From 29f47ebe5b688e1b3bb1a929d9b9f581bdb36a7a Mon Sep 17 00:00:00 2001
From: KuangjuX <18630816527@163.com>
Date: Sun, 29 Dec 2024 06:02:46 -0800
Subject: [PATCH] fix copy v matrix from global to shared.

---
 benchmarks/cpp/flashattention/copy.cuh       | 46 ++++++++++++++++++--
 benchmarks/cpp/flashattention/cutlass_fa.cuh | 10 ++++-
 benchmarks/cpp/flashattention/main.cu        |  4 +-
 3 files changed, 53 insertions(+), 7 deletions(-)

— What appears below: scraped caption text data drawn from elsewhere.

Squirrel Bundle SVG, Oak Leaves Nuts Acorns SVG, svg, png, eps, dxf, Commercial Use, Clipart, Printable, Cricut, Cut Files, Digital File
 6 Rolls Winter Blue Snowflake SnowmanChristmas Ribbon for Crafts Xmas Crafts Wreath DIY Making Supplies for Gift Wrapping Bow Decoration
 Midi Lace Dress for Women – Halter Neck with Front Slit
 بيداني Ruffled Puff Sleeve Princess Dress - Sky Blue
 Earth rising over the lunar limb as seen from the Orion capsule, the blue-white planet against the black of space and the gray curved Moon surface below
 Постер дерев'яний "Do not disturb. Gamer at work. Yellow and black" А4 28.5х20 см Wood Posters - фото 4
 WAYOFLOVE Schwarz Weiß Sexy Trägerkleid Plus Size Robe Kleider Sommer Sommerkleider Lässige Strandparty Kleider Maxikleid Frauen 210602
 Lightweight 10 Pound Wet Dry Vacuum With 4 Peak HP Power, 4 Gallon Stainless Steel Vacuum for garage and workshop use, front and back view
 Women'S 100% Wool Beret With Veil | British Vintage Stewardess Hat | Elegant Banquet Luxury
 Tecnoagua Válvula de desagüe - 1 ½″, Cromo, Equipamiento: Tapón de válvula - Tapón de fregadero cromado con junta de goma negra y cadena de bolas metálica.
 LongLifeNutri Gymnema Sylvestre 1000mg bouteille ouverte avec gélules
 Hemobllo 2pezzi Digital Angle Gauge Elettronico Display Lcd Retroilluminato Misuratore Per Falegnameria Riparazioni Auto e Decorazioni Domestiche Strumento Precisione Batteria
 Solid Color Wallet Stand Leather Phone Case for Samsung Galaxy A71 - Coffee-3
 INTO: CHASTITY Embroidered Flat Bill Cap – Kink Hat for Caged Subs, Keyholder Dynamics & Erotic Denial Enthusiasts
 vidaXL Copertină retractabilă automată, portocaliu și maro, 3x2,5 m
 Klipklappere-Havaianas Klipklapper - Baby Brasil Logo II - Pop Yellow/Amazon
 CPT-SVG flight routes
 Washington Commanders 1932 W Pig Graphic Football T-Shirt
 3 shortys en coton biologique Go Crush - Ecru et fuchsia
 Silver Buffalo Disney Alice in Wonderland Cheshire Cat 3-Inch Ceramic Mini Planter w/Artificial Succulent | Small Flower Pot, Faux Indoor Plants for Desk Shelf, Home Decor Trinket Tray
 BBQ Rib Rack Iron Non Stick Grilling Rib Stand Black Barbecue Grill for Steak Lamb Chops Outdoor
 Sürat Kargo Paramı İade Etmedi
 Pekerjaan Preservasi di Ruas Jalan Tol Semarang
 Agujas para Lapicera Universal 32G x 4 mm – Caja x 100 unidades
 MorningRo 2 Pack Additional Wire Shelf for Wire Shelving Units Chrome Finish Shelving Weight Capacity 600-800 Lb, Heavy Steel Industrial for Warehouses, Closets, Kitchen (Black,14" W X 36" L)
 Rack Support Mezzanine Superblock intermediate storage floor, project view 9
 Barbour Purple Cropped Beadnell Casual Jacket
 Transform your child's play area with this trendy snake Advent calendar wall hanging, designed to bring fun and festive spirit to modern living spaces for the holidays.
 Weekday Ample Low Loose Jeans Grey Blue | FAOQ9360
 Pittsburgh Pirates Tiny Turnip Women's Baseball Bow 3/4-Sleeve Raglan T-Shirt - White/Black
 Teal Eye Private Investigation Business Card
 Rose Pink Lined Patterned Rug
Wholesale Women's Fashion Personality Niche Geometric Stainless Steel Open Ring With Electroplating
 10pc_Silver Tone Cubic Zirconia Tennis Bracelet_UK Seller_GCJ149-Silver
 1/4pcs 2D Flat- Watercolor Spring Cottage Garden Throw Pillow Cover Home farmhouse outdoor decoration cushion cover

diff --git a/benchmarks/cpp/flashattention/copy.cuh b/benchmarks/cpp/flashattention/copy.cuh
index d4d3b0c..c6b0df8 100644
--- a/benchmarks/cpp/flashattention/copy.cuh
+++ b/benchmarks/cpp/flashattention/copy.cuh
@@ -195,15 +195,55 @@ class G2SCopyV {
     }
 
     DEVICE void prologue() {
-        // Pipeline the copy operation.
+#pragma unroll
+        for (int m = 0; m < size<1>(gV); ++m) {
+#pragma unroll
+            for (int k = 0; k < size<2>(gV); ++k) {
+                cute::copy(tiled_copy, gV(_, m, k), sV(_, m, k));
+            }
+        }
+
+        cute::cp_async_fence();
+        gV.data() = gV.data() + gV_stride;
+        sV.data() = sV.data() + sV_stride;
+
+        if ((cur_iter + 1) % num_stage == 0) {
+            sV.data() = sV.data() + (-sV_stride * num_stage);
+        }
+
+        cur_iter++;
     }
 
     DEVICE void body() {
-        // Pipeline the copy operation.
+#pragma unroll
+        for (int m = 0; m < size<1>(gV); ++m) {
+#pragma unroll
+            for (int k = 0; k < size<2>(gV); ++k) {
+                cute::copy(tiled_copy, gV(_, m, k), sV(_, m, k));
+            }
+        }
+
+        cute::cp_async_fence();
+
+        gV.data() = gV.data() + gV_stride;
+        sV.data() = sV.data() + sV_stride;
+
+        if ((cur_iter + 1) % num_stage == 0) {
+            sV.data() = sV.data() + (-sV_stride * num_stage);
+        }
+
+        cur_iter++;
     }
 
     DEVICE void epilogue() {
-        // Pipeline the copy operation.
+#pragma unroll
+        for (int m = 0; m < size<1>(gV); ++m) {
+#pragma unroll
+            for (int k = 0; k < size<2>(gV); ++k) {
+                cute::copy(tiled_copy, gV(_, m, k), sV(_, m, k));
+            }
+        }
+        cute::cp_async_fence();
     }
 
   private:
diff --git a/benchmarks/cpp/flashattention/cutlass_fa.cuh b/benchmarks/cpp/flashattention/cutlass_fa.cuh
index b6bd8c3..25cf1f8 100644
--- a/benchmarks/cpp/flashattention/cutlass_fa.cuh
+++ b/benchmarks/cpp/flashattention/cutlass_fa.cuh
@@ -189,6 +189,7 @@ __global__ void __launch_bounds__(Nthreads)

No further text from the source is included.